400. — DU COMTE DE BUSSY RABUTIN À MADAME DE SÉVIGNÉ.

Le lendemain du jour que j’eus reçu cette lettre, j’y fis cette réponse.
À Chaseu, ce 18e mai 1675[1].

Quand je ne vais point à Paris, ce n’est ni Monsieur le Prince ni Monsieur le Duc, à l’hôtel de Condé, qui m’en empêchent ; c’est le Roi. Ainsi, Madame, leur absence ne me donne pas plus de liberté, et j’ai pour les ordres de Sa Majesté autant de respect quand elle est en Flandre, que si elle étoit au Louvre.
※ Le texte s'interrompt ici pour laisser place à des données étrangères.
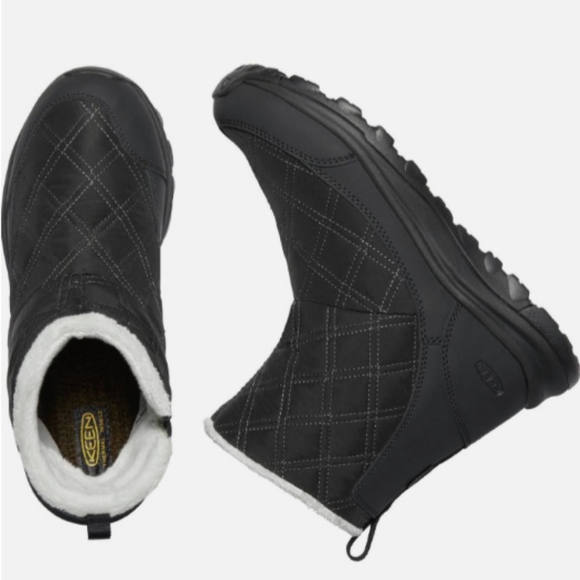 New Keen Terradora II Wintry Pull On Boots Quilted Waterproof  Black Size 10 - Picture 1 of 16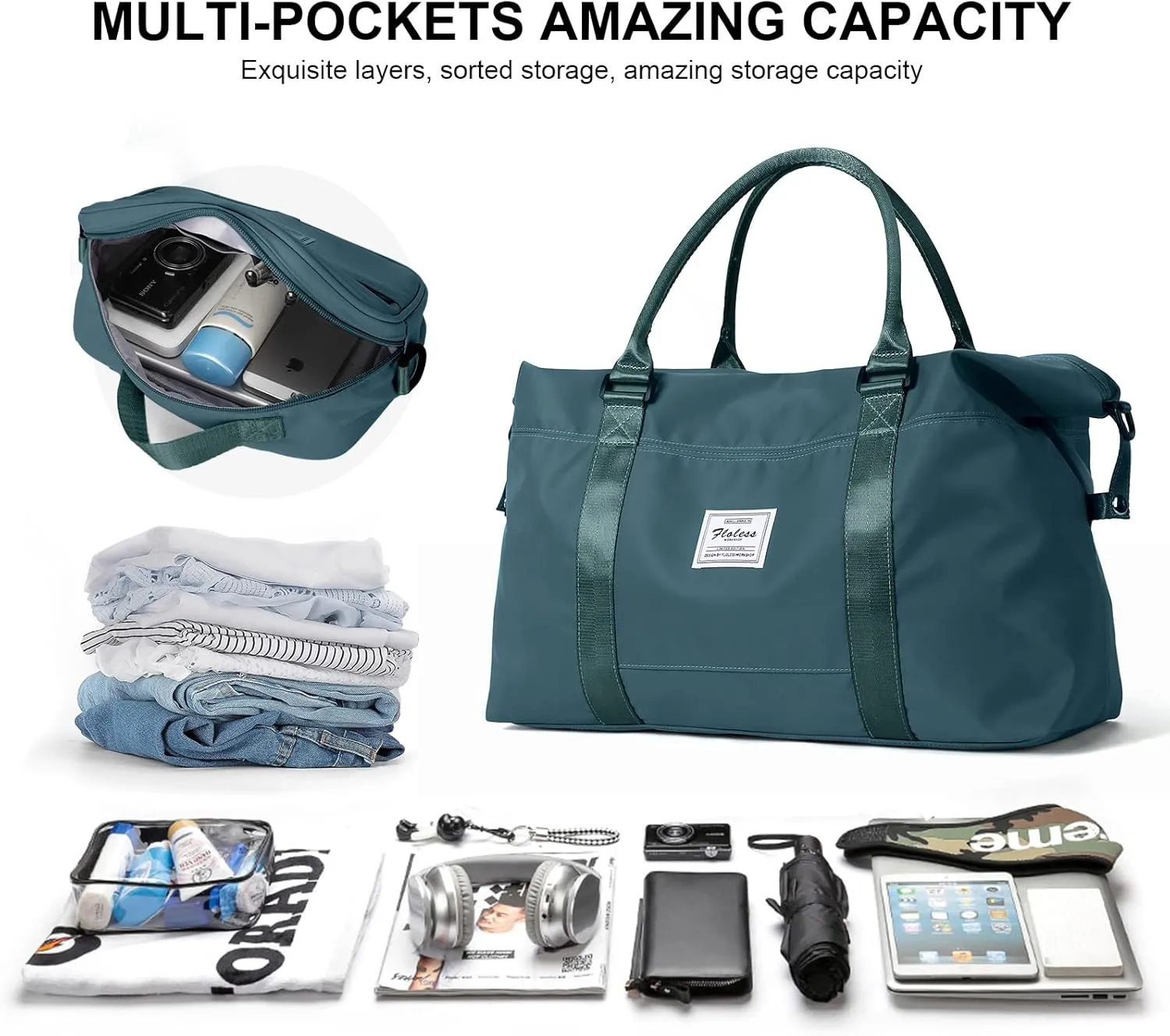 HYC00 Travel Duffel Bags for Women,Weekender Overnight Bag with Wet Pocket & Toiletry Bag,Carry On Personal Item Bag,Travel Tote Gym Bag,Peacock Blue,Large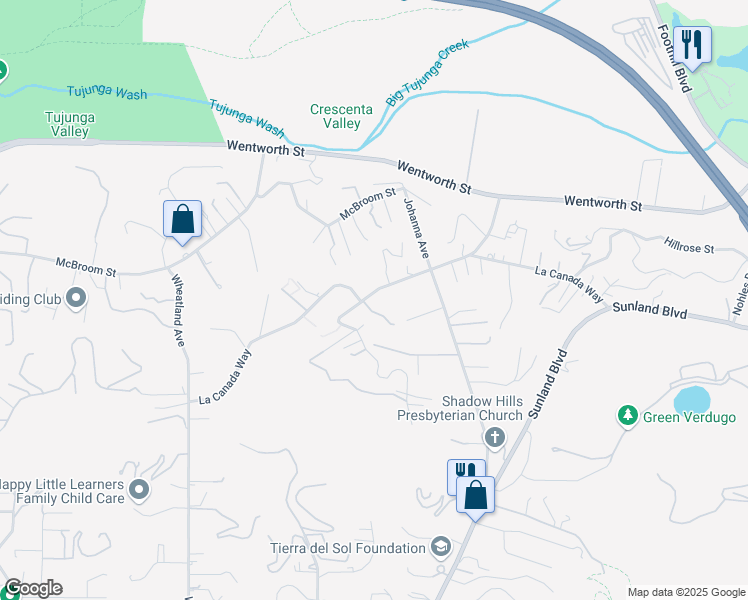map of restaurants, bars, coffee shops, grocery stores, and more near 10500 Mary Bell Avenue in Los Angeles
Vous me mandez que Monsieur le Duc parle de moi encore avec aigreur ; il faut donc qu’il soit changé, car Briord[2] m’écrivit il y a quelque temps que Monsieur le Duc lui avoit commandé de me faire savoir qu’il étoit fâché de l’état où j’étois avec Monsieur son père, et qu’il seroit bien aise qu’il se radoucît pour moi. Quand je veux apaiser Monsieur le Prince, c’est afin d’aplanir tous les chemins, et pour n’avoir rien à me reprocher ; et non pas que je croie que mon retour ne tient qu’à lui : vous savez que j’ai d’autres vues, et je vous assure que malgré tous les obstacles je retournerai à la cour. Ce n’est pas qu’au pis aller je m’en souciasse beaucoup, car c’est plus pour faire enrager les gens qui me craignent que je fais des pas de ce côté-là, que pour les avantages que j’en attends. J’irai droit au maître par le paladin, et par d’autres, car j’ai plusieurs chemins, et quand tout cela[3] me manqueroit, le temps, si je vis, ne me manquera pas.

Nous attendons M. de Coligny à tous moments pour transiger.

J’ai écrit à Mme de Montglas sur la mort de son mari.

Je vous plains fort, ma chère cousine, dans la séparation de notre Comtesse.


  1. Lettre 400. — 1. Dans l’édition de 1818, on avait daté cette lettre du 28 mai. Voyez p. 447, note 1.
  2. 2. Voyez plus haut, p. 207, note 13.
  3. 3. Dans notre copie, Bussy avait d’abord écrit : « quand tout me manqueroit ; » il a ajouté : « cela » au-dessus de la ligne.